Thanks for reading this blog, For anyfeedback/suggestions/comments,
please drop a mail to marketing@affine.ai

Contributors:
Shailesh Singh – Delivery Manager
Akash Mishra – Senior Business Analyst

NB-NET – A Convolutional Neural Network based Classification Approach for Detecting Foot Overstep No Balls in Cricket

During the seventh match of the ongoing 12th season of the Indian Premier League between Royal Challengers Bangalore and Mumbai Indians at Bengaluru, Mumbai Indians defeated Royal Challengers Bangalore by 6 runs to register first win in IPL 2019.

In what was a nerve-wrenching match, it went down to the last ball. It was legendary batsman AB de Villiers who brought down the equation from 40 off 18 to 17 off the last over. Needing seven runs on the last ball, veteran bowler Lasith Malinga managed to win the match. However, once the match got over, replays confirmed that Malinga had bowled a front foot no-ball. With the umpire missing the same, there were some unhappy faces in the Bangalore camp.

“If this (the Malinga no-ball) had happened in the first, second or third overs of the game, I can tell you 100% surely that the umpire would have called it. The soil on the pitch becomes loose after a few overs. The line tends to go off even if it’s re-drawn. It’s too tough for the umpires to call no balls towards the end of the games. On a loose turf, when the bowler keeps landing on the pitch, the line doesn’t stay. From side view, we’ll see the line because it’s a two-dimensional image, and sometimes the lines are clearer outside the turf so the viewer thinks it’s there. There will be a parallax error.” – Says Hariharan, Former ICC Veteran Umpire

Cricket is a worldwide popular game where a single delivery can change the fate of the game. Every delivery is counted as a crucial moment for both teams. Umpires make the decisions regarding a no ball. Different technologies are being used to help the umpires to take their decisions. But often due to human perception, deciding whether a bowled delivery is a no ball or legal ball makes controversies. So, it is very important to make an accurate decision regarding a no ball Simultaneously, with advent and advances in Artificial Intelligence and Computer Vision, application of these two in different domains has become an emerging trend. Applying several computer vision techniques in analysing different Cricket events and automatically coming into decisions has become popular in recent days.

we have deployed a CNN based classification method with Resnet50 in order to automatically detect and differentiate foot overstepping no balls with fair balls. Our goal is to measure the probability of an image either it is a no-ball or not, to make the automated umpiring system and to eliminate the shortcoming of human perception.
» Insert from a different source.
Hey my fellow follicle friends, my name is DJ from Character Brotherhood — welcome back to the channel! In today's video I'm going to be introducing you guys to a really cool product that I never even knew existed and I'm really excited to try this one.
Transfer learning uses the knowledge gained from solving one problem and apply it to another related problem. Facing the problem of collecting enough training data to rebuild models, transfer learning aims to transfer knowledge from a large dataset known as source domain to a smaller dataset named target domain. Either the feature spaces between domain data are different or the source tasks and the target tasks focus on different topics, boosting the performance of the target task.

Using the state-of-the-art deep learning techniques, we have devised a methodology to achieve our goal –

In our model to classify no-ball, we use images as input. Our input dataset contains images collected from google image search. The images are manually annotated and contain two classes: no ball and legal ball. We have used Keras and Tensorflow to build our model and generate results. Our model produces a score for both possible outcomes then each of them is converted to a probability by SoftMax.
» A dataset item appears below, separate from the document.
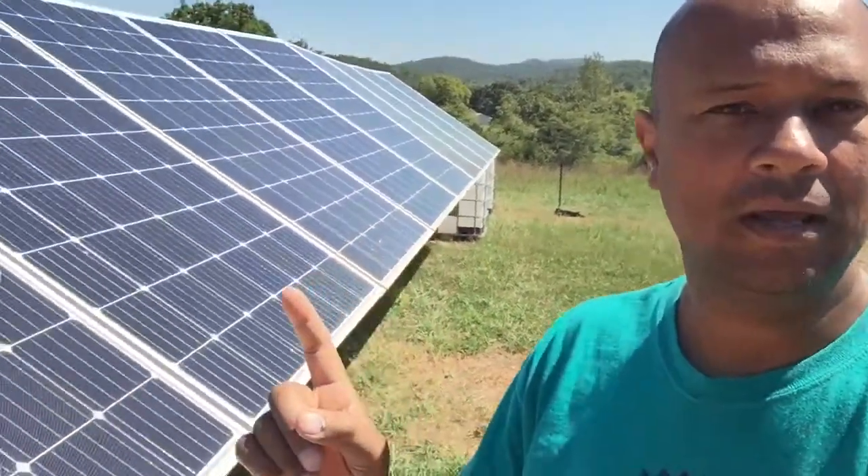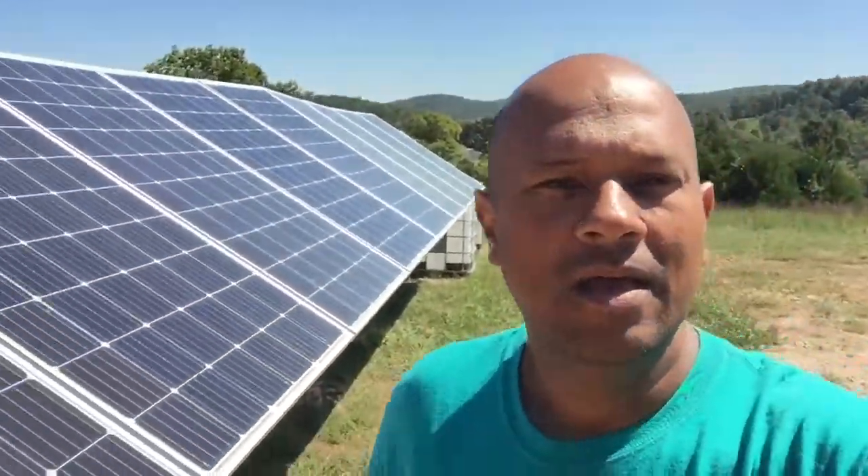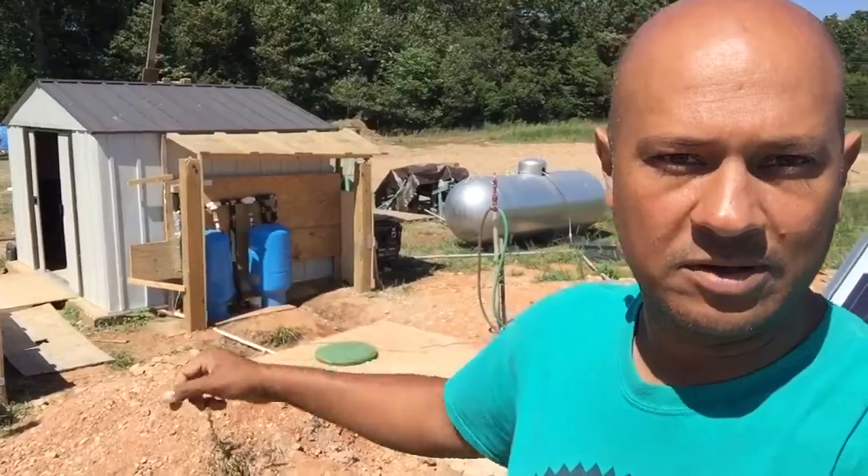What I found is each string of three panels — back here 1, 2, 3 — all have to be in series so that it increases the voltage while keeping the amps the same. Then three panels in series, running in parallel over to the temporary building where the batteries are set up. That is going to be my rewiring project for today.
All the collected images were resized, and the resolution of the images were enhanced using the techniques given below and were processed into the customized data augmentation pipeline. Some of the techniques used to enhance resolution of the image:
A] Contrast Limited Histogram Equalization (CLAHE)
B] Enhancing resolution of image using super resolution (OpenCV)

Original Photo
Enhanced photo

We have used Resnet50 as the classifying CNN as our model. In this step, we should keep the parameters of the previous layer, then remove the final layer and input our dataset to retrain the new last layer. The last layer of the model is trained by back propagation algorithm, and the cross-entropy cost function is used to synthesize the weight parameter by calculating the error between the output of the SoftMax layer and the label vector of the given test category.

To improve our results further we have used differential learning rates for the model layers. In the pretrained model, the layers closer to the input are more likely to have learned more general features. Thus, we don’t want to change them much. For these early layers, we set the LR to be very low. We increase the LR per layer gradually as we move deeper into the model.

No Ball
Ball

To make the classification more robust and accurate we have used test time augmentation (TTA). Test Time Augmentation is to perform random modifications to the test images. Thus, instead of showing the regular, “clean” images, only once to the trained model, we will show it the augmented images several times. We will then average the predictions of each corresponding image and take that as our final prediction. This boost the results of the model at the testing time.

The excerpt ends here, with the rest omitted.